TOPIC | Revision, Technique
PROJECT STAGE| Pre-planning, Revision
Foods with Layers
Let’s imagine you’re at a very fancy restaurant. For months you’ve been reading reviews and hearing glowing reports from your friends, and finally, finally, your reservation has come up. You are more than ready to experience this restaurant’s famous house specialty, a decadent lasagna.
Oof. You can smell it the moment you enter the restaurant. Who doesn’t love the scent of garlic and onions doing their thing? After you’re seated at the table, you barely look at the menu. You already know what you want. The lasagna, the lasagna, the lasagna. It was enough to see that their famous lasagna is featured front and center on the entrees page.
“I’ll have the lasagna,” you tell the server.
Minutes later, your meal arrives. Faster than you expected!
And what’s this? It’s not lasagna. It’s a huge slice of chocolate cake.
Objectively, it’s a more attractive plate than a pile of lasagna would have been. The slice is symmetrical, topped with edible gold flakes. The interior is black as coal-dust and partially obscured by a wondrous frosting that seems to combine the worlds of buttercream and ganache. Really, it’s the most beautiful slice of chocolate cake you’ve ever seen. A diner at the table behind you whispers that the cake is not only the most beautiful they’ve seen, it’s the most delicious they’ve tasted in a long time.
Are you happy?
You wanted lasagna. You were promised lasagna. Yes, lasagna and chocolate cake both have layers, but that’s where the similarities end.
Where’s your lasagna?
2/5 stars. Cake was good, but not what I expected.
If you went to a restaurant for the best lasagna and got the best chocolate cake instead, it wouldn’t matter if the cake was stunning.
One of our most important jobs as writers is to understand make sure we don’t spend all our time perfecting our chocolate cake recipe when our readers were waiting for lasagna.
You Made Me Promises, Promises
Reader expectation is king in the chess game of writing. It’s the piece that beats everything else. Remember that lovely chocolate cake? It doesn’t matter how skillfully it was made if the diner was expecting lasagna. If you wrote a beautiful horror novel, it won’t matter if the reader who bought it thought the first chapter was promising a romantic romp. Everything that makes the cake a great dessert makes it a lousy pasta; everything that makes your horror a great mind-bender makes it a lousy comfort read—without changing a single step of the recipe or final product.

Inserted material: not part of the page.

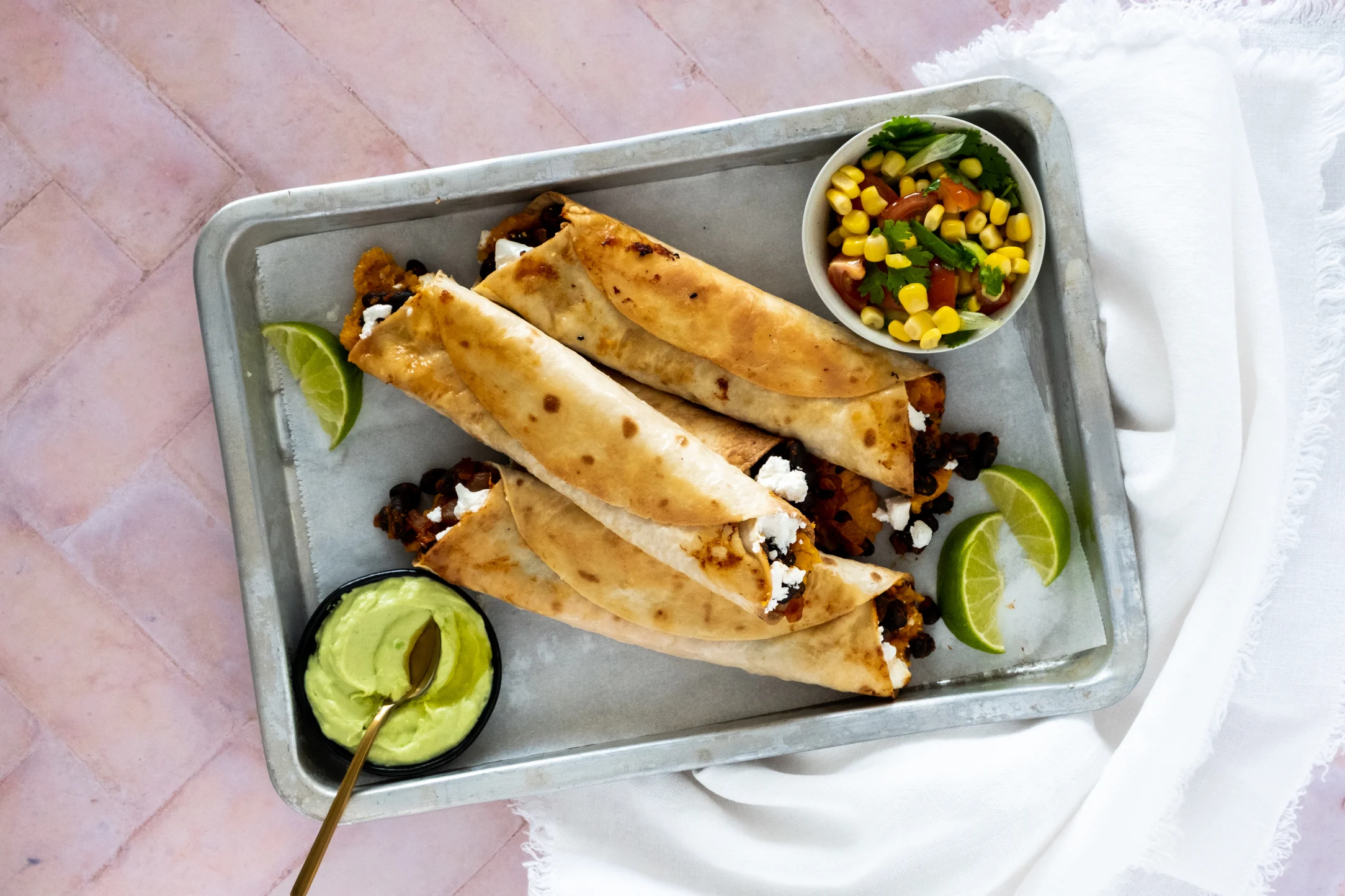 Sweet Potato, Black Bean and Feta Taquitos with Salsa and Avo Lime Crema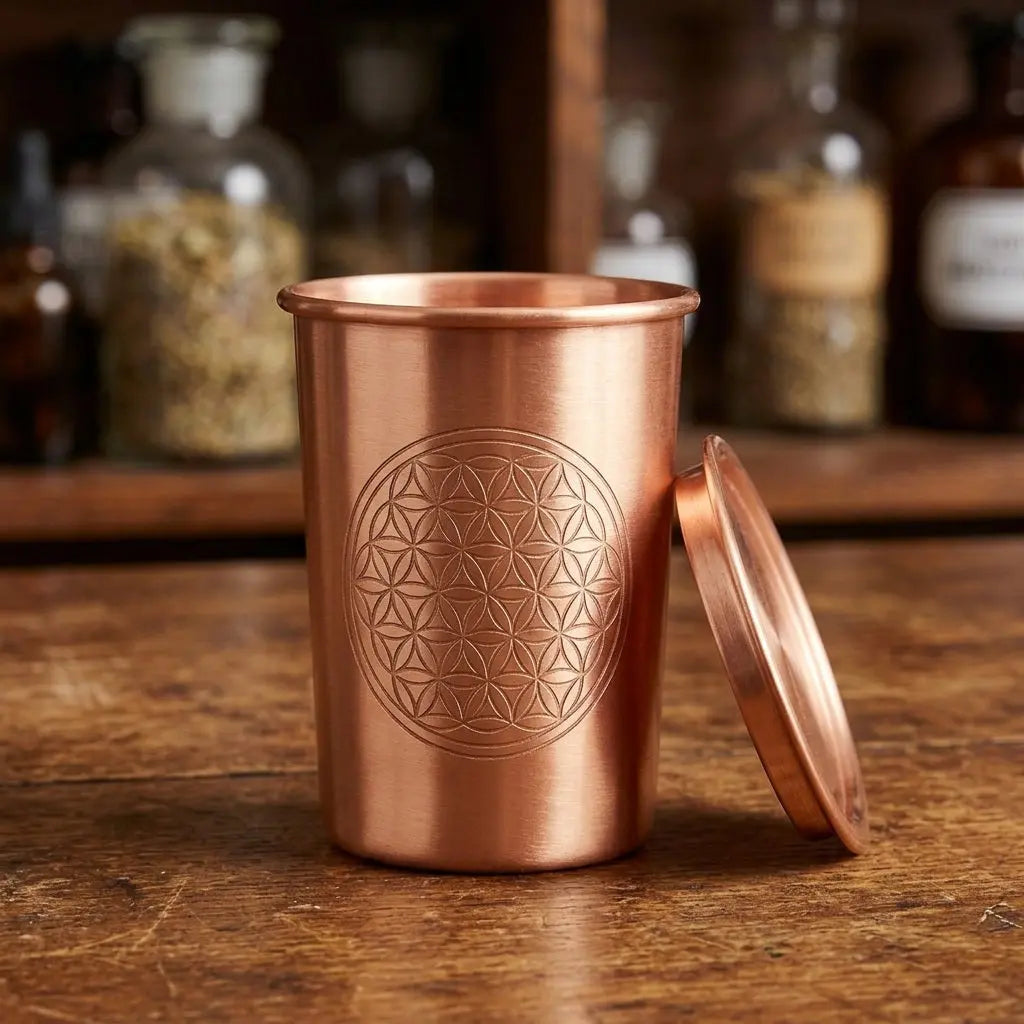 Kupferbecher Flower of Life mit Deckel aus seitlichem Blickwinkel im Apothekerregal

You can write an amazing book, but if it’s not the book the reader has been told to expect, they won’t like it, even if it was done well.
Consumer expectation changes the meaning of everything you have done.

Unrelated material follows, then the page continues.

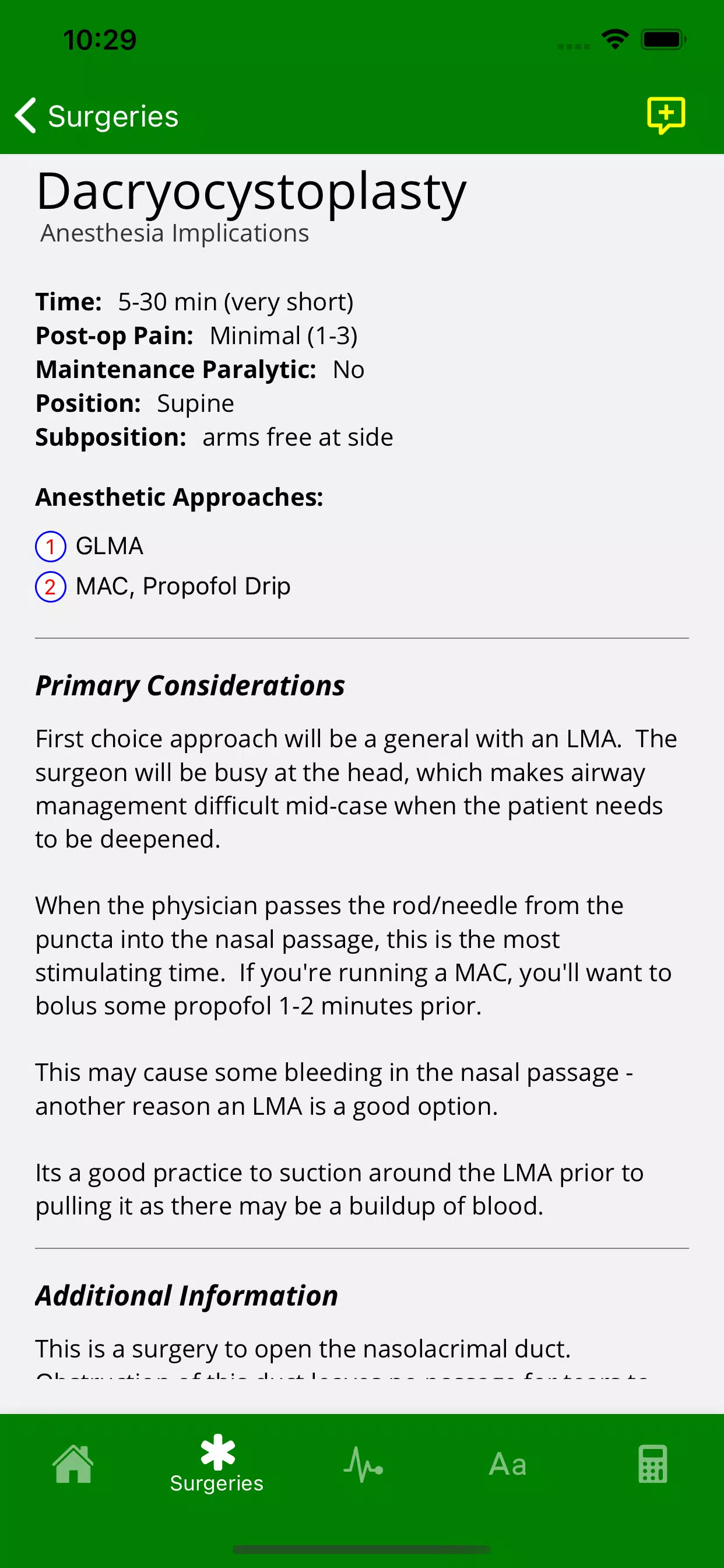 Master Anesthesia Screenshots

A reader begins to develop expectations the moment they pick up a book. The cover and title suggest genre and tone. A well-known author’s name on the cover suggests a reading experience similar to that authors’ previous titles. The bookstore section suggests possible subject matter or story scope.
Even early hype drives expectation. Think of the last time you picked up a “hyped” book. Suddenly you have a different expectation; the book isn’t successful unless it’s great, unusual, buzz-worthy. What if it turns out to be just a perfectly nice, quiet novel? Doesn’t matter; it’s a failure in the consumer’s eyes. It was supposed to be the best lasagna ever, and it really wasn’t any better than what they could make at home.
Obviously, these sorts of expectations are often outside the author’s control. But I’d rather think about what we do control in the expectation department, since the answer is: rather a lot. In fact, a lot of expectation-mismatches are accidents. A writer doesn’t realize they’ve made promises, so the writer doesn’t know to keep them. Or a writer doesn’t realize they’ve made the wrong promise, so they writer can’t correct the misconception before it’s too late. Instead, they write their way into a novel with a prologue or first chapter sequence that doesn’t match the novel they end up telling. The novel goes out with a meet-cute opening (oh, a romantic romp! just what I’m in the mood for! thinks our innocent reader) and ends in a bloody climax of mindfuckery (oh GOD thinks our innocent reader, longing for brain bleach and vowing to never pick up one of your novels ever again).
A good writer’s job is to control these expectations. Great commercial* writing makes a promise, and then keeps it. Our writerly choices tell readers, as soon as possible, what genre to expect. The mood they can expect to be in. How action-packed it is, what age it is for, how dire the stakes might get, where to direct their eyes in all the narrative noise. A successful reading experience is often far less about giving the reader exactly the kind of book they normally like to read and more about saying “this is what you’re in for” and then making good on that promise every step of the way.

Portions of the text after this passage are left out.